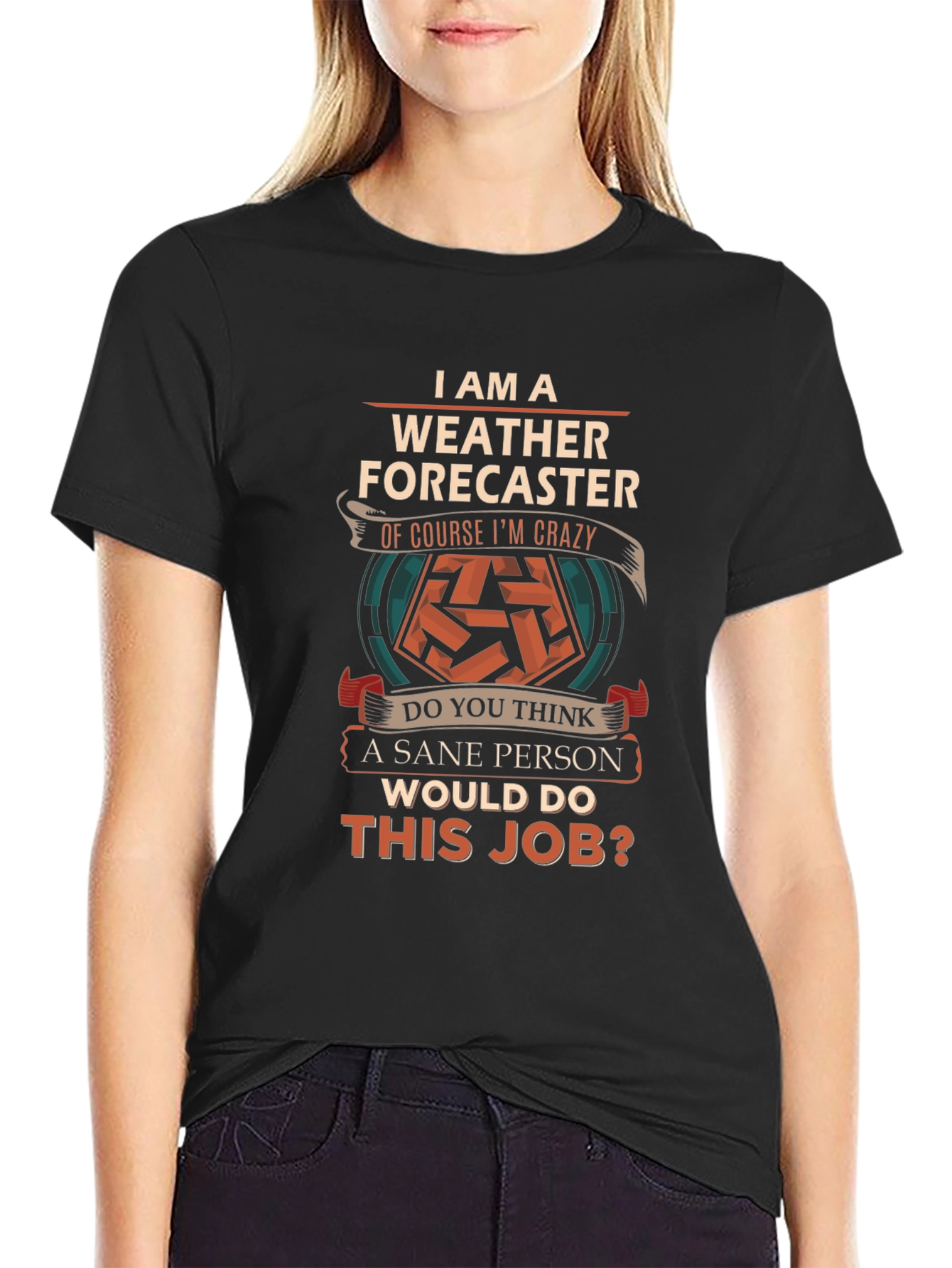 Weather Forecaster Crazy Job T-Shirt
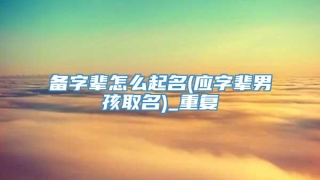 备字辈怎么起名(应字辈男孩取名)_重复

* * *

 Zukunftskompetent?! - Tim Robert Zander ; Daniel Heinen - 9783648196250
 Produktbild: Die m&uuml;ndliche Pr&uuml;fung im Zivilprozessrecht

--

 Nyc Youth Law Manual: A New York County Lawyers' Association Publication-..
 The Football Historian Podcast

Exercise details
Copy nothing but the lines above that run from the one with "Weather Forecaster Crazy Job T-Shirt" to the one with "备字辈怎么起名(应字辈男孩取名)_重复", ends included; pictures stay out.

Finished task
 Weather Forecaster Crazy Job T-Shirt
 备字辈怎么起名(应字辈男孩取名)_重复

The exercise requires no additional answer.